Requirement
What is needed is the full listing written out exactly, minus the pictures.

Raw data
════════════════════
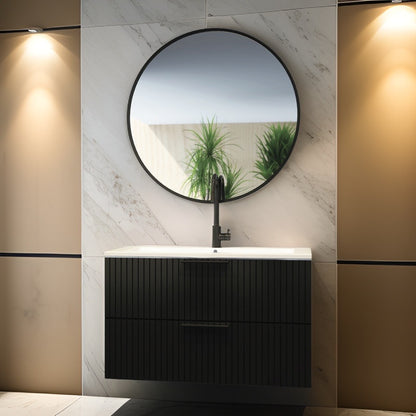 ארון אמבטיה מעוצב תלוי פסים דגם רויאל ROYAL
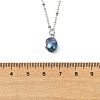 Natural Cultured Freshwater Pearl Potato Pendant 304 Stainless Steel Satellite Chain Necklaces for Women NJEW-JN06346-5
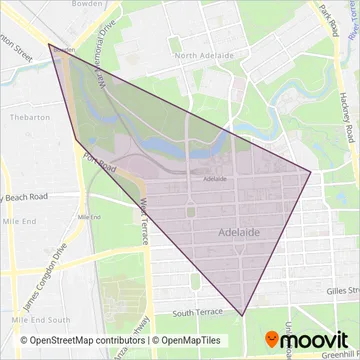 Adelaide Metro (Torrens Connect) coverage area map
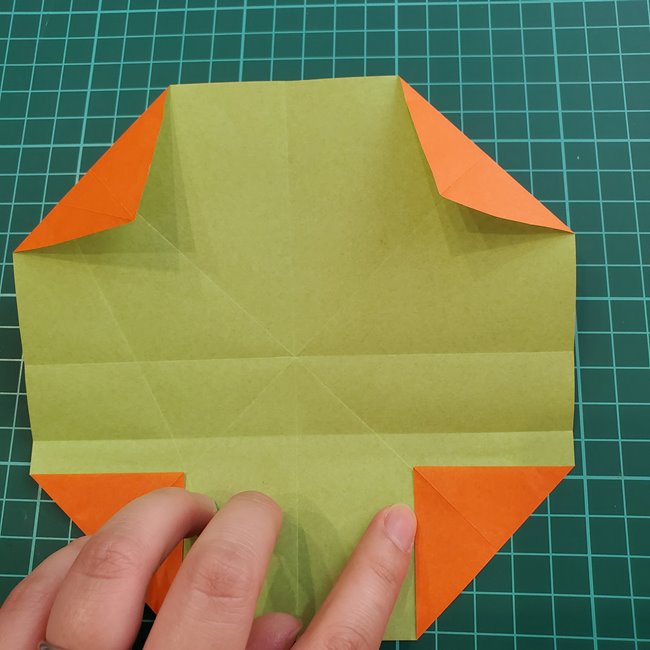 折り紙の麦わら帽子 かぶれる立体的な作り方折り方②立体(2)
════════════════════
Response to this exercise
 ארון אמבטיה מעוצב תלוי פסים דגם רויאל ROYAL
 Natural Cultured Freshwater Pearl Potato Pendant 304 Stainless Steel Satellite Chain Necklaces for Women NJEW-JN06346-5
 Adelaide Metro (Torrens Connect) coverage area map
 折り紙の麦わら帽子 かぶれる立体的な作り方折り方②立体(2)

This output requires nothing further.